_PROVIDED DATA:_

------

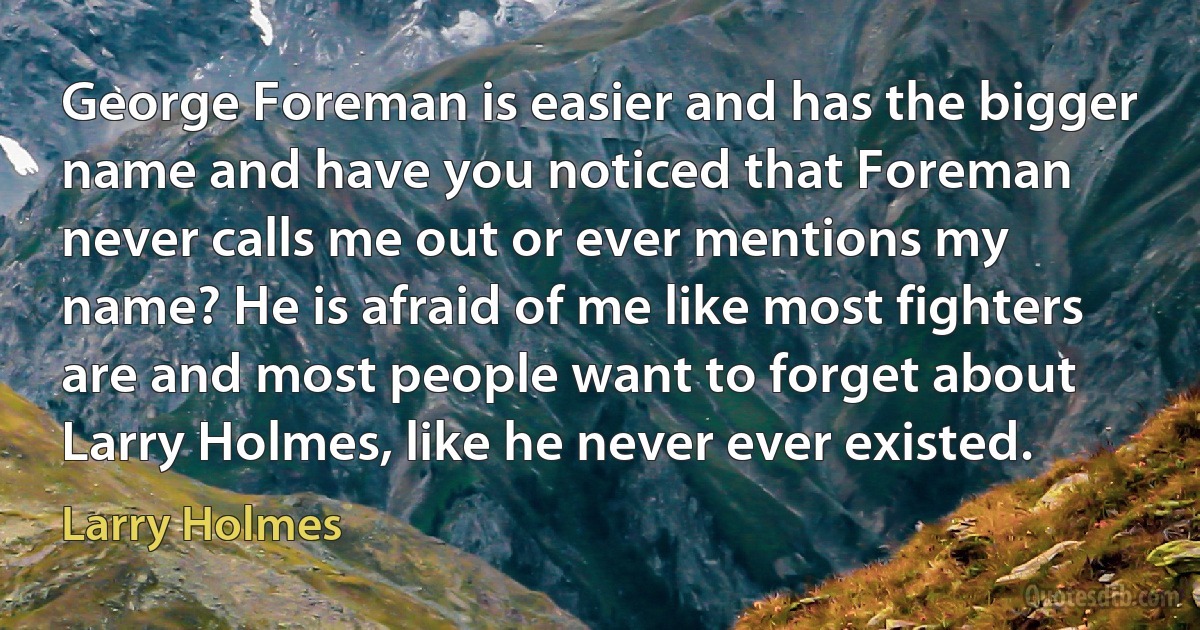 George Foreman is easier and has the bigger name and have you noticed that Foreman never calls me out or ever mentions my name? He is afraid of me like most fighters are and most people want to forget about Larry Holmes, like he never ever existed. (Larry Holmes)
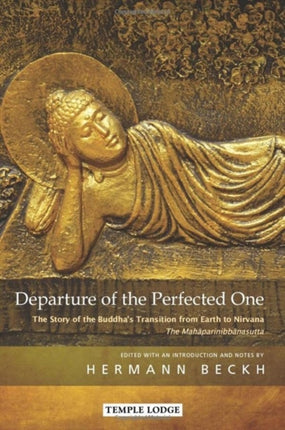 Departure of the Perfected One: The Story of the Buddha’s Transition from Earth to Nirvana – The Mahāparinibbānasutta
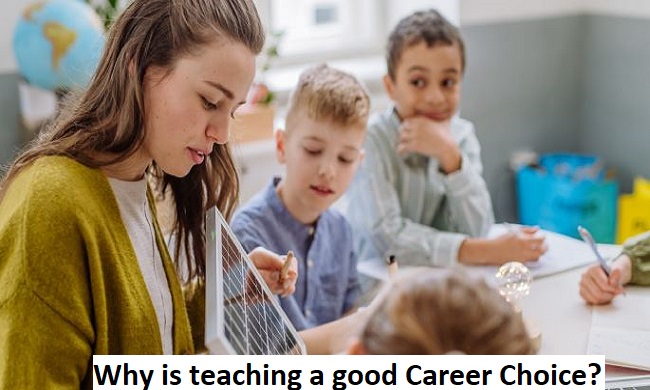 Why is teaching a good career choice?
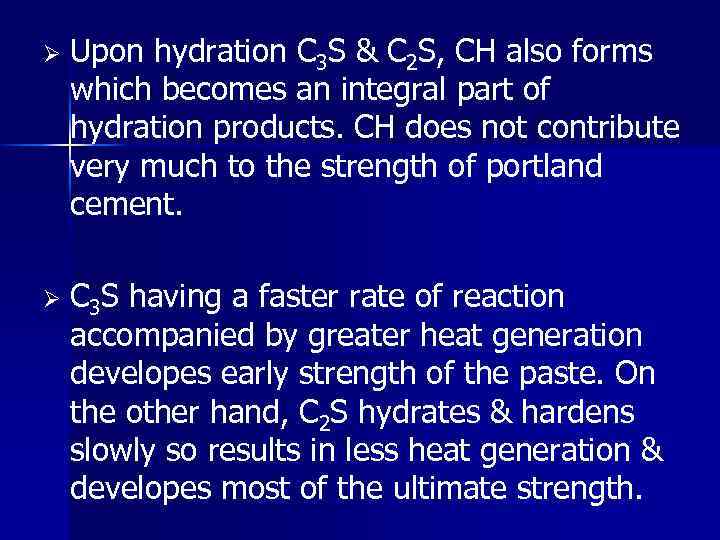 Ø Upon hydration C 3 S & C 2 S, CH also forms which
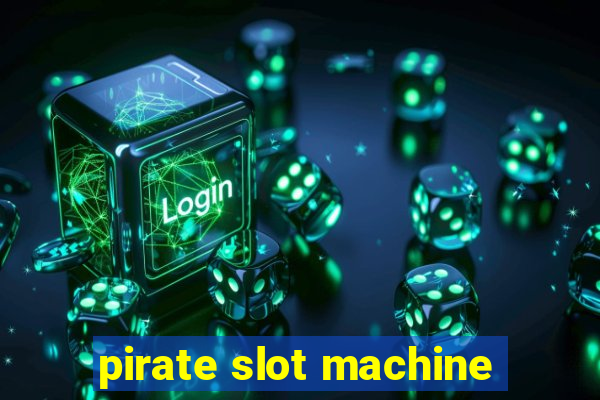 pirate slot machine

------

_THE PROBLEM:_
Nothing but the records, repeated exactly and stripped of pictures, should appear in the answer.

_TASK SOLUTION:_
 George Foreman is easier and has the bigger name and have you noticed that Foreman never calls me out or ever mentions my name? He is afraid of me like most fighters are and most people want to forget about Larry Holmes, like he never ever existed. (Larry Holmes)
 Departure of the Perfected One: The Story of the Buddha’s Transition from Earth to Nirvana – The Mahāparinibbānasutta
 Why is teaching a good career choice?
 Ø Upon hydration C 3 S & C 2 S, CH also forms which
 pirate slot machine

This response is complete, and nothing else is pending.